▶ _Problem to work on_
Keep every line in which "Case" occurs and drop the rest of the data.
+++ Exercise inputs
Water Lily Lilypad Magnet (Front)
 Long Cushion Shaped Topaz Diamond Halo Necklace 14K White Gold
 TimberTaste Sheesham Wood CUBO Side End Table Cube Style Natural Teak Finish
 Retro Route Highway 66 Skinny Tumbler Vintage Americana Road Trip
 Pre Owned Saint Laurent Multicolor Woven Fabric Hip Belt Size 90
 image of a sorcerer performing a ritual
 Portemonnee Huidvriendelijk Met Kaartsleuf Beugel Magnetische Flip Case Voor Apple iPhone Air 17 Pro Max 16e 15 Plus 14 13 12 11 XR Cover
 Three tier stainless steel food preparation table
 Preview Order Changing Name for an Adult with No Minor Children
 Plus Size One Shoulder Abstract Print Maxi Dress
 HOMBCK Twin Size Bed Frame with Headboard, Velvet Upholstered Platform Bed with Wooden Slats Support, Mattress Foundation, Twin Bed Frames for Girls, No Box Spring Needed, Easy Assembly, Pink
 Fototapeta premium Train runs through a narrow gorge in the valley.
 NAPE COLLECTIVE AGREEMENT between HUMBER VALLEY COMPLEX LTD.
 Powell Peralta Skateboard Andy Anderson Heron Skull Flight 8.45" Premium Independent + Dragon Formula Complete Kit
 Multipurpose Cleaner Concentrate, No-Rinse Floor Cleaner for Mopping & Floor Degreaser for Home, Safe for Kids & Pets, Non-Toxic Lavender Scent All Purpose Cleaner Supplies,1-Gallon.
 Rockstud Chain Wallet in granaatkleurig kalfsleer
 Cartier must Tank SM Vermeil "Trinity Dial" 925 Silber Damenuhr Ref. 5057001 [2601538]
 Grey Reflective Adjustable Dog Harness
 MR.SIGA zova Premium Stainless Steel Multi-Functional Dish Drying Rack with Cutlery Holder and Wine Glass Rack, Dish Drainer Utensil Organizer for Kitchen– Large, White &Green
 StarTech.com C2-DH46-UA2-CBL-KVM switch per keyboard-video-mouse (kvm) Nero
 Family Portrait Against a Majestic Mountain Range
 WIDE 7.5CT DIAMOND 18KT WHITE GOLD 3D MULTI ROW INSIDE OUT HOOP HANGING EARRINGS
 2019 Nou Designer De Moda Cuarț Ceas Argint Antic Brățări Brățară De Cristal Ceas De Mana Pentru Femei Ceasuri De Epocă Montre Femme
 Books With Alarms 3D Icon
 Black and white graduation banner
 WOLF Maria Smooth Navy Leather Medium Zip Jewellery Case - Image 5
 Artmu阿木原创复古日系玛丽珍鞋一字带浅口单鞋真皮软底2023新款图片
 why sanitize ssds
++++++
▶ _Response below_
 Portemonnee Huidvriendelijk Met Kaartsleuf Beugel Magnetische Flip Case Voor Apple iPhone Air 17 Pro Max 16e 15 Plus 14 13 12 11 XR Cover
 WOLF Maria Smooth Navy Leather Medium Zip Jewellery Case - Image 5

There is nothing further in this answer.